「GM中心」譲らず…高田新GM残りの組閣も自らの手で

[ 2011年12月6日 06:00 ]

就任会見で新監督候補との交渉断念を語る高田新GM

 開始5分。就任会見で発した高田新GMの言葉で、会見場に衝撃が走った。「一言で言えば監督とGMの信頼関係が築けなかった。交渉を断念する、そう監督候補に話しました」。監督を要請していた工藤氏との交渉決裂を明らかにした。

 DeNAの意向もあり、高田GMは工藤氏に監督候補を一本化したが、コーチ人事や補強をめぐって意見の相違が浮き彫りとなった。「こんなことは予想できなかった。監督とGMがスタート地点から意見が違う。不幸なこと」。高田氏が貫いたのは「GM職」に対する信念だった。

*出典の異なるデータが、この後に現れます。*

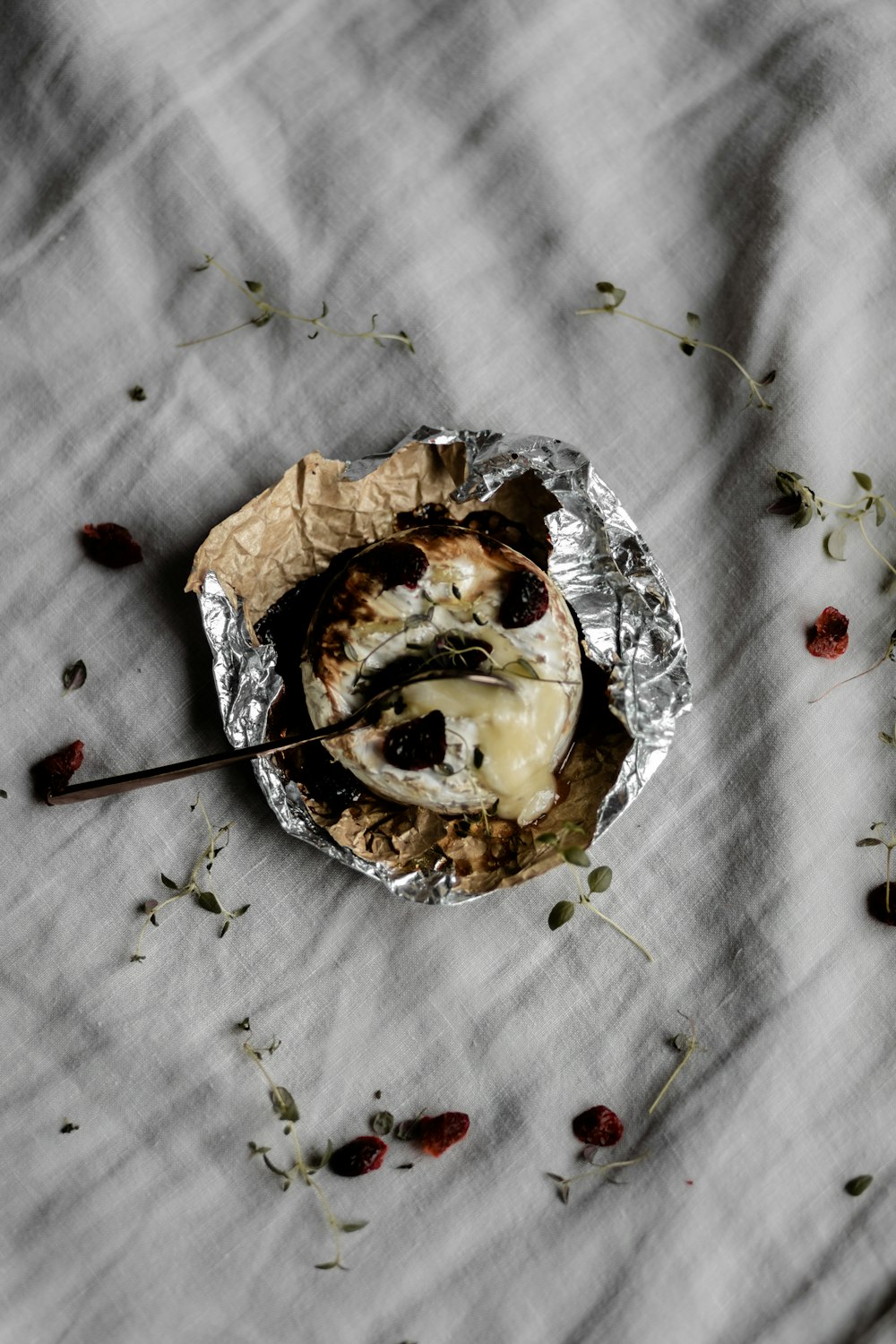 brown and white pastry on white textile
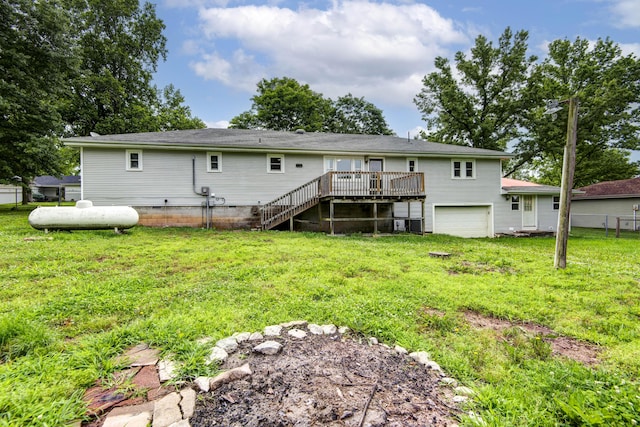 801 N 11th Ave, Ozark, MO 65721 - back of property with a deck, an attached garage, and stairway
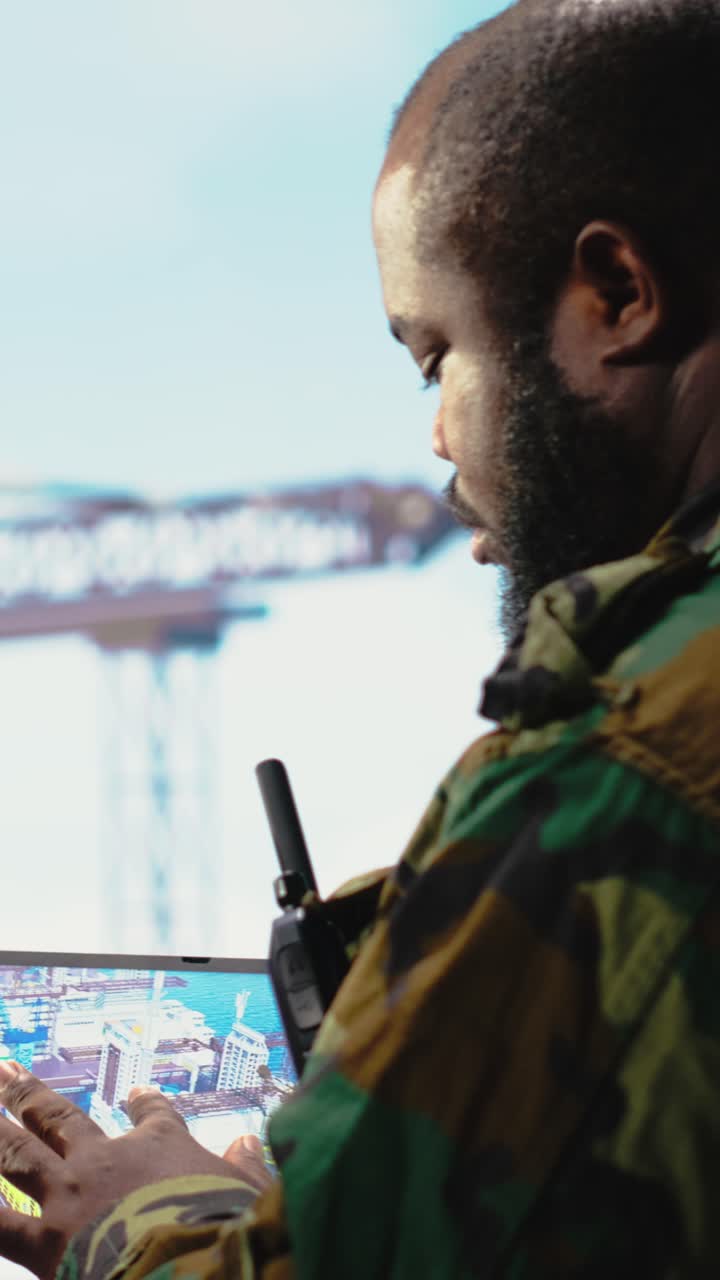 Vertical video Naval unit on drilling rig barge using tablet, safeguarding infrastructure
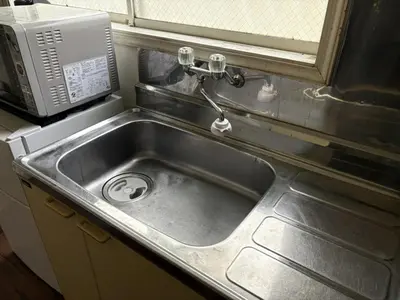 a stainless steel sink in a kitchen with a microwave at Heights Omiya - Vacation STAY 19467 in Tokyo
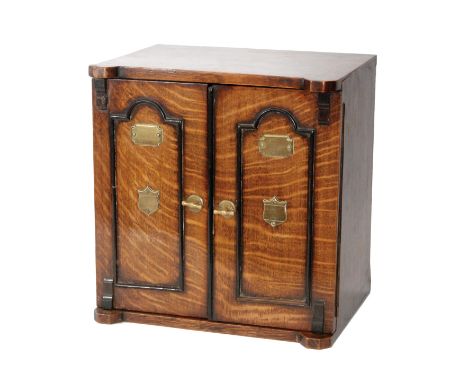 A late 19th Century oak smokers cabinet in the form of a safe, fitted with a pipe rack and brass cigar cutter surrounded by t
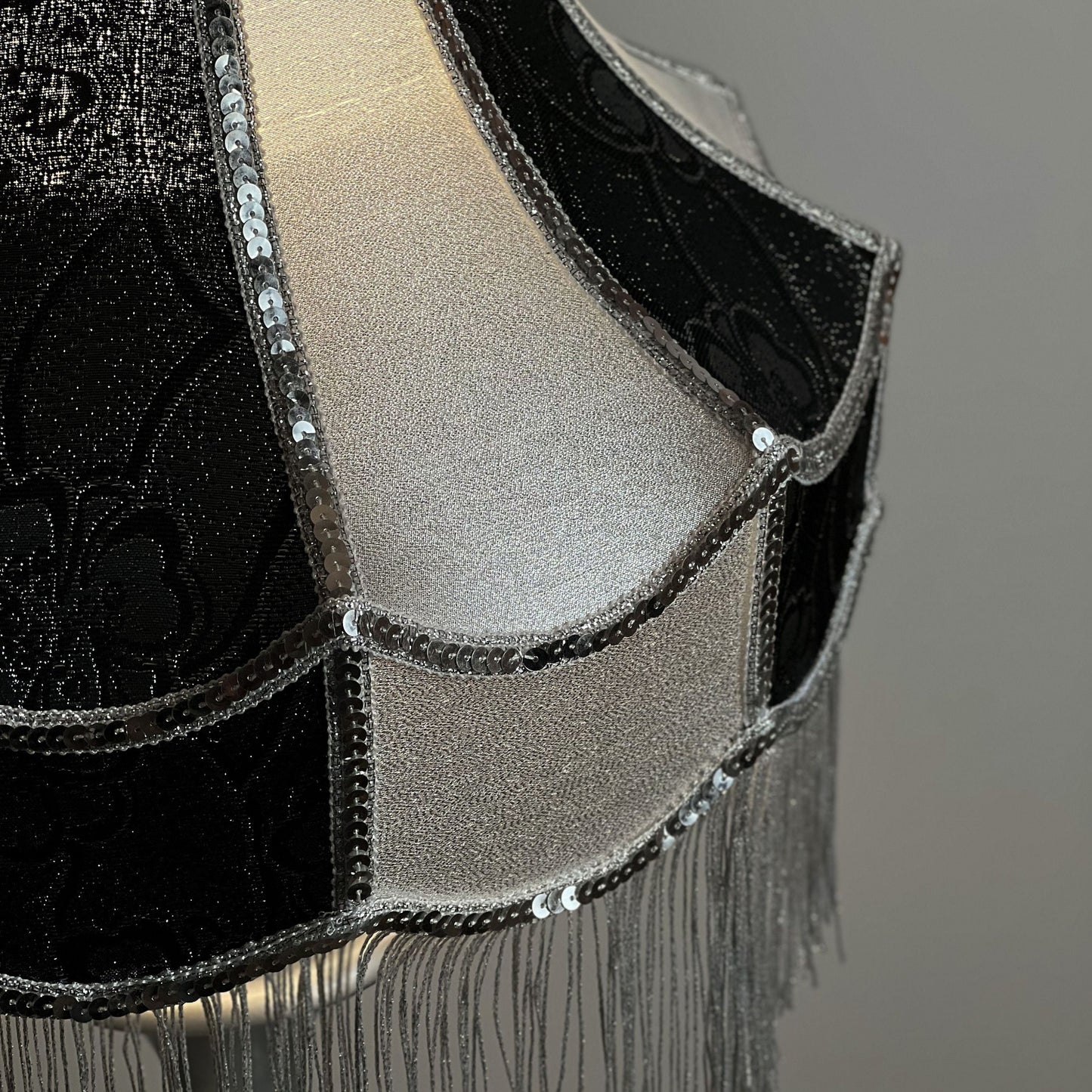 Luxurious Victorian table lamp with sequins and fringe.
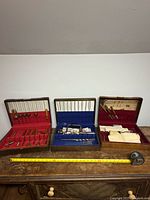Three open wooden cases displaying carving tools and coping saw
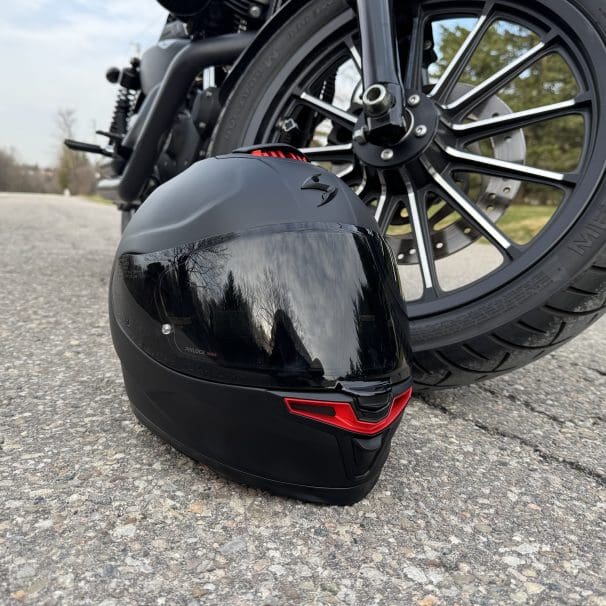 Scorpion EXO-Eclipse resting next to a motorcycle tire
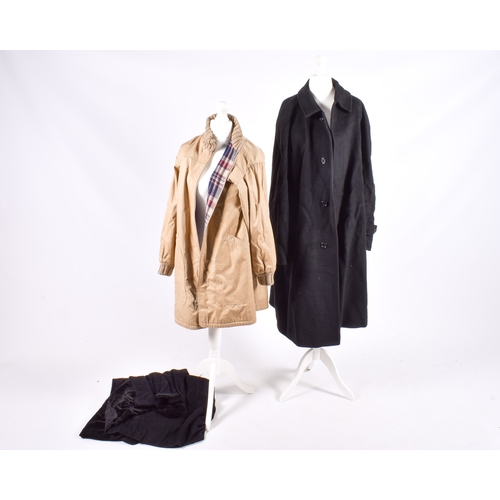 126 - Three ladies' coats. Comprising a Julia black wool and cashmere blend coat with a velvet collar, siz... 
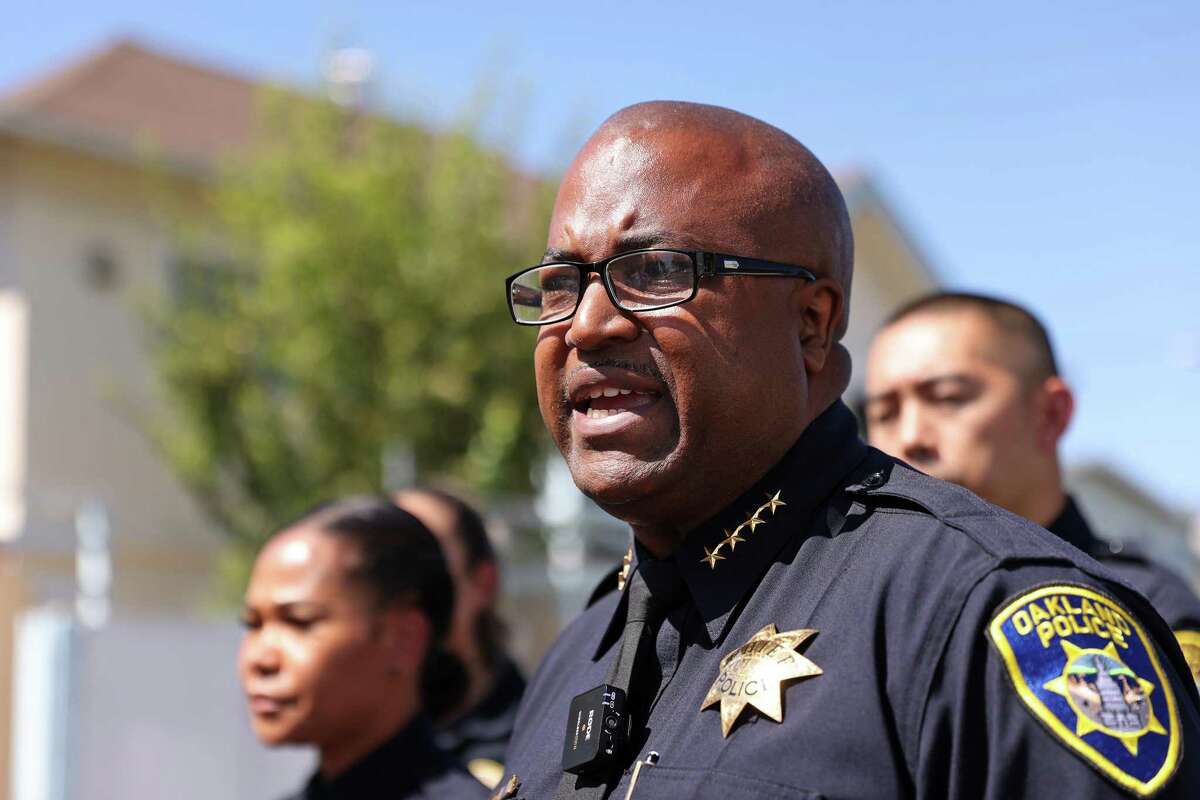 Suspended Oakland Police Chief LeRonne Armstrong shown speaking at the scene of a fatal shooting on the 2000 block of 13th Avenue in July, 2022. The police department’s troubled history spans more than 20 years and nearly a dozen police chiefs over the same period.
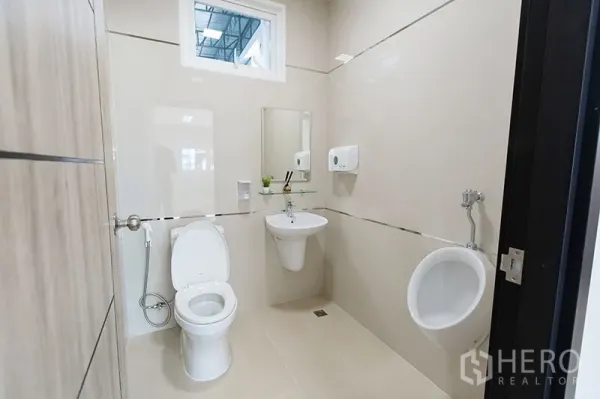 Warehouse for rent in Bang Bo, Samut Prakan - Clean industrial restroom with toilet, urinal and wall-mounted sink inside the warehouse office.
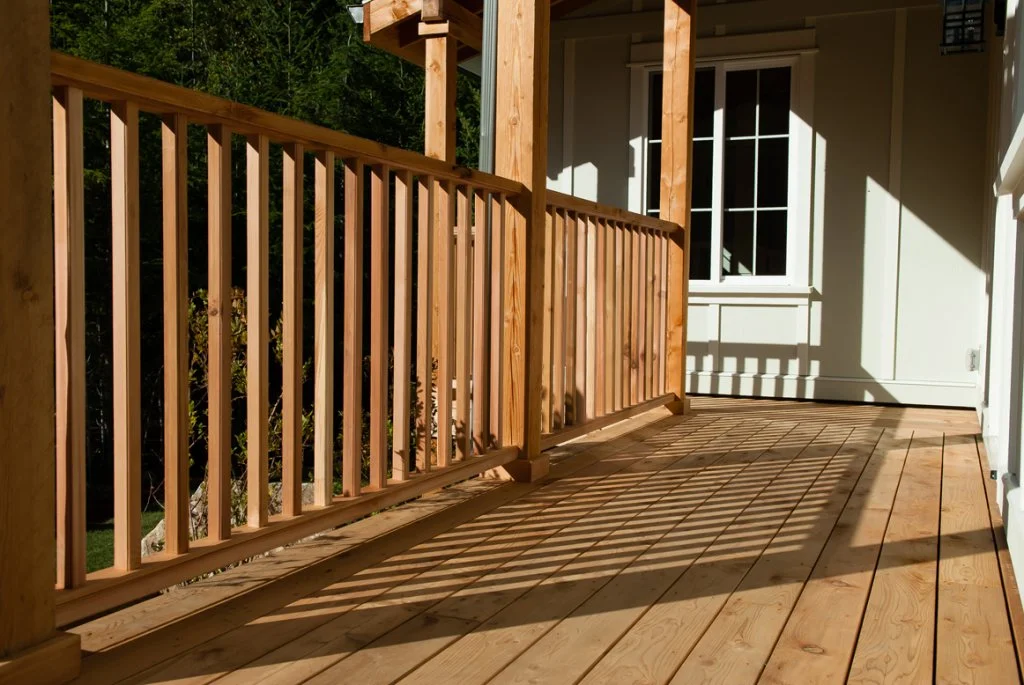 Wooden porch with railing and a white door with a large window, sunlight casting shadows on the floorboards.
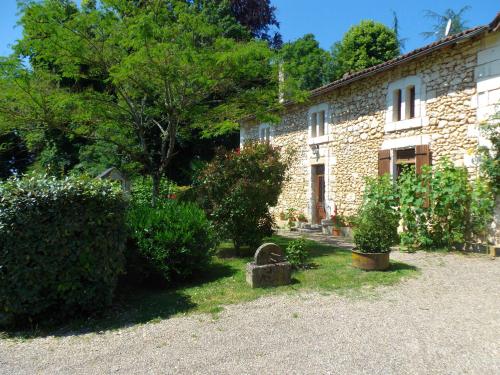 a stone house with trees and bushes in front of it at Domaine de Beaufort in Saint-Front-de-Pradoux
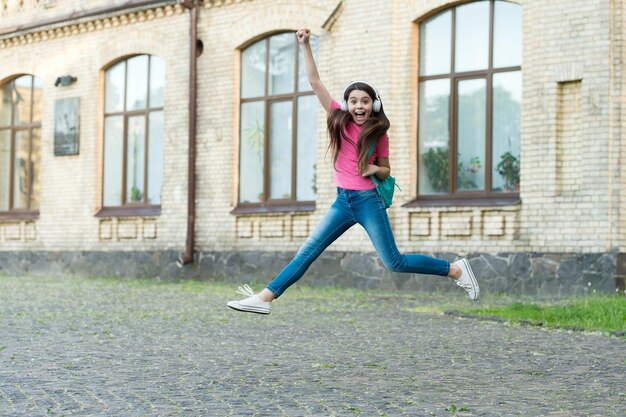 에너지 넘치는 어린 소녀가 춤추는 음악 헤드폰을 점프하며 결코 개념을 멈추지 않습니다.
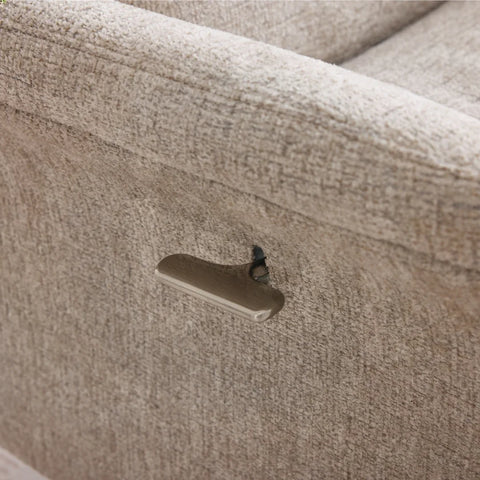 Close up of oatmeal fabric swivel chair with metal recliner lever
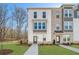 Charming new construction townhome with manicured lawn and tree-lined surroundings at 200 Wallace St, Fayetteville, GA 30214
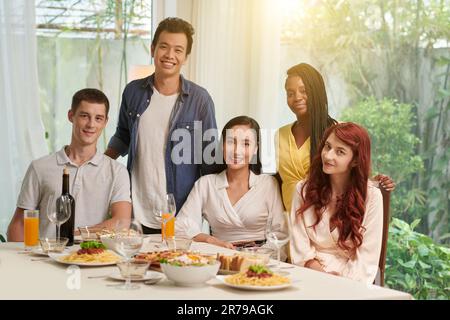 Cinq amis interculturels joyeux assis et debout près d'une table servie avec une variété de plats maison appétissants préparés pour la fête Banque D'Images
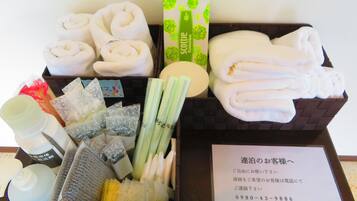 A gift basket with toiletries including towels, a soap bar, and a bottle of lotion.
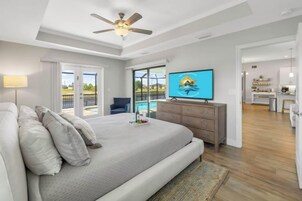 Un dormitorio con cama, televisión y vista a una piscina.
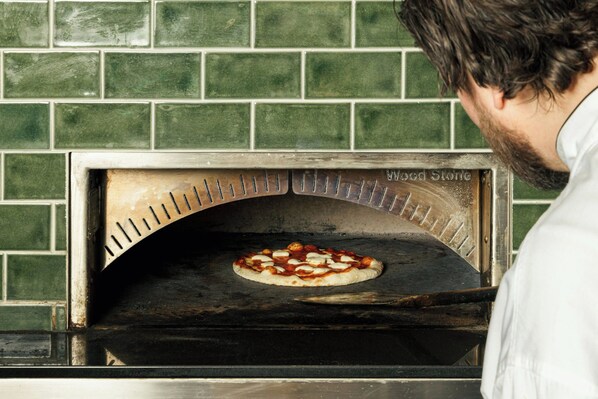 Un four à pizza avec un mur en briques en arrière-plan.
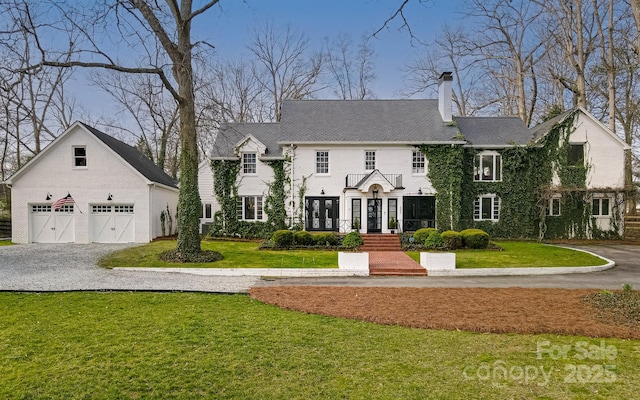 3306 Gaston Rd, Greensboro, NC 27407 - view of front of property featuring french doors, a front lawn, a chimney, and gravel driveway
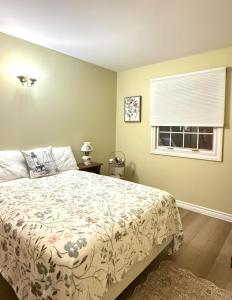a bedroom with a bed and a window at Private Guest Suit-Self Checkin-Near Downtown in Charlottetown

 「GMを中心にスタートしたチームですから。従来のチームと違ってね。GMを中心にやりましょうということ」。交渉の中で人事、戦力補強などチーム編成の権限をめぐって工藤氏との間に生じた溝を解消することはできなかった。

 高田GMが信念を貫くことは驚きではない。日本ハム監督時代には、大みそかに全選手、スタッフが故大社義規オーナー邸に集結する慰労会をただ一人欠席し続けた。翌年から日本ハムGM就任が決定していた04年秋の千葉・鴨川キャンプでは、当時の首脳陣らによる画一化された打撃に対し「個々に合った打撃がある」と小1時間も議論。主張を曲げなかった。

 すでに1軍コーチ陣は、GM主導でヘッドコーチに山下大輔元横浜監督(59)、外野守備走塁コーチに元巨人の二宮至氏(58)らを招へいすることが固まっている。新たに掲げた監督像は「元気はつらつな人。若くなくても気持ちが若い人はいる。40、50代でもね。オーナーには任されている」。DeNAが希望した「若くて、語れる人」にもこだわらない。今後は信頼関係が築ける新監督を含めて、残りの組閣を早急に進めていく。